The judge, William D. Browning recently extended a stay in the case through this past Saturday to allow additional settlement talks.

The nine-year-old lawsuit represents one of the last avenues of recovery for current holders of WPPSS nuclear power units 4 and 5 bonds. The supply system defaulted on $2.25 billion of those bonds in 1983 after the Washington State Supreme Court ruled that local utilities lacked authority to enter participants' agreements that secured the debt.

Chemical Bank, the units 4 and 5 bond trustee, alleges in the cost-sharing action that WPPSS improperly charged about $400 million in costs to units 4 and 5 rather than to their respective "twinned" plants, units 1 and 3.

Judge Browning in 1990 ruled that cost-sharing principles akin to those espoused by Chemical Bank should have governed expense allocation under the bond resolution. In February, however, the U.S. Ninth Circuit Court of Appeals disappointed units 4 and 5 bondholders - and pleased WPPSS and other defendants -- by reversing Judge Browning's decision and favoring instead a cost-allocation formula used by the supply system.

The appellate court remanded the case to Judge Browning, but discovery proceedings are on hold because of the judicial stay in the case. Judge Browning on June 25 agreed to extend the stay, rather than let it expire on that day, after parties in the case requested the extension to accommodate further settlement negotiations.

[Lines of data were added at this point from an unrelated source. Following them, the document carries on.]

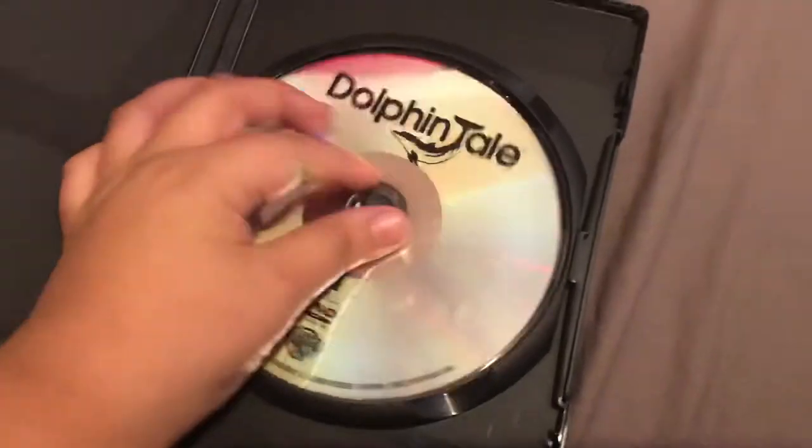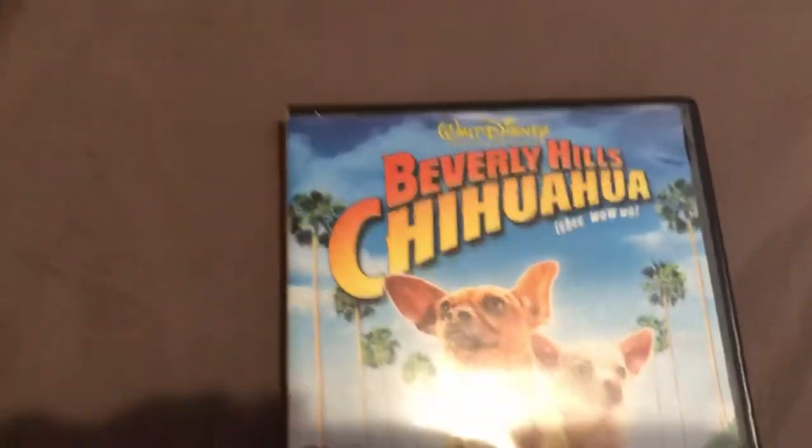Yes, I did it again. Next, I have favorite Chewbacca. Don't worry about it, baby.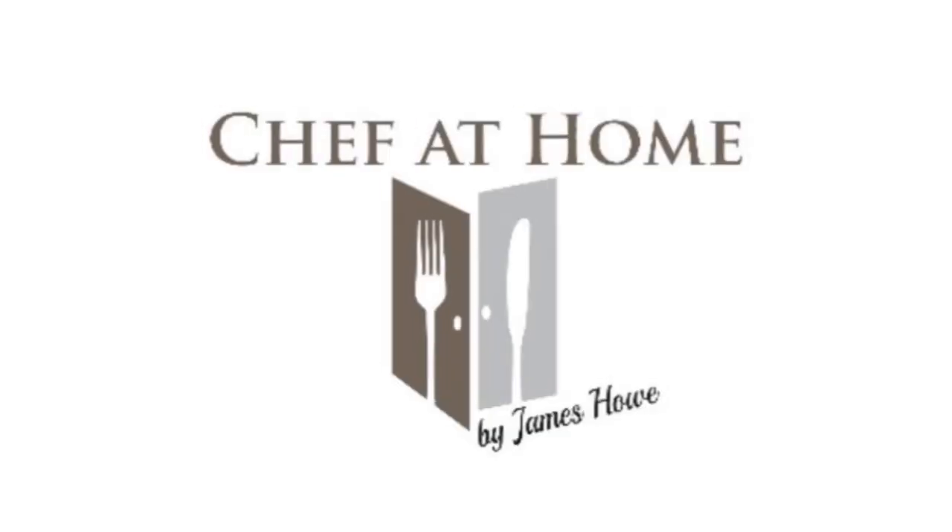Today I'm going to be showing you my fifth favorite autumn dish. It's a rich creamy chicken and mushroom pie. Hi chefs, welcome back to the channel.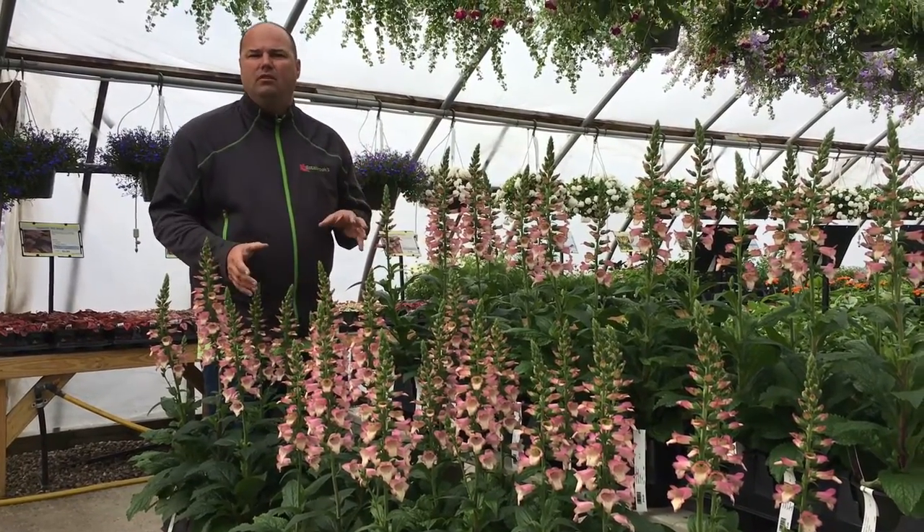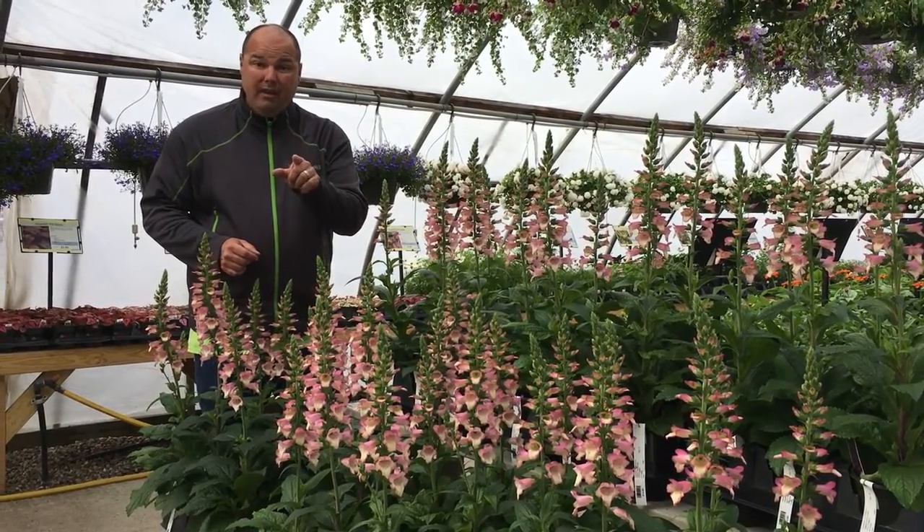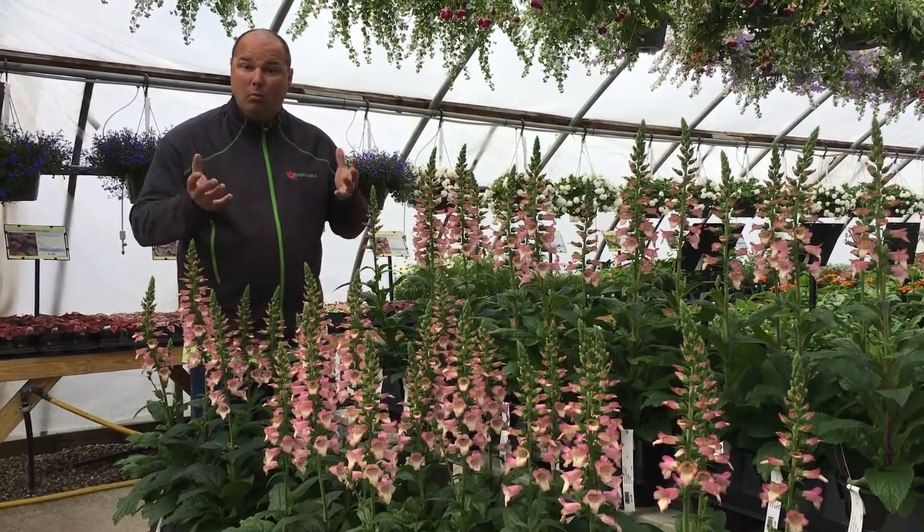Now you say, why do I want an annual foxglove? Because they're not like your perennial old favorite. These will rebloom all summer long, so you keep deadheading them and they will throw more blossoms.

In his order extending the stay, Judge Browning cited "a good faith effort" to explore avenues of settlement and to update him on settlement progress by Aug. 14.

Participants in the lawsuit generally decline to comment on the specifics of settlement negotiations, but Mr. Malanca's remarks suggest a breakthrough is not imminent.

Certain investor-owned utility defendants, citing a lack of progress in settlement talks, suggested in June that Judge Browning consider appointing a settlement master in the case. But some lawyers said that step would be premature, and they asked instead for the extended stay.

A Chemical Bank official said Friday that the bank cannot comment on the status of any settlement talks.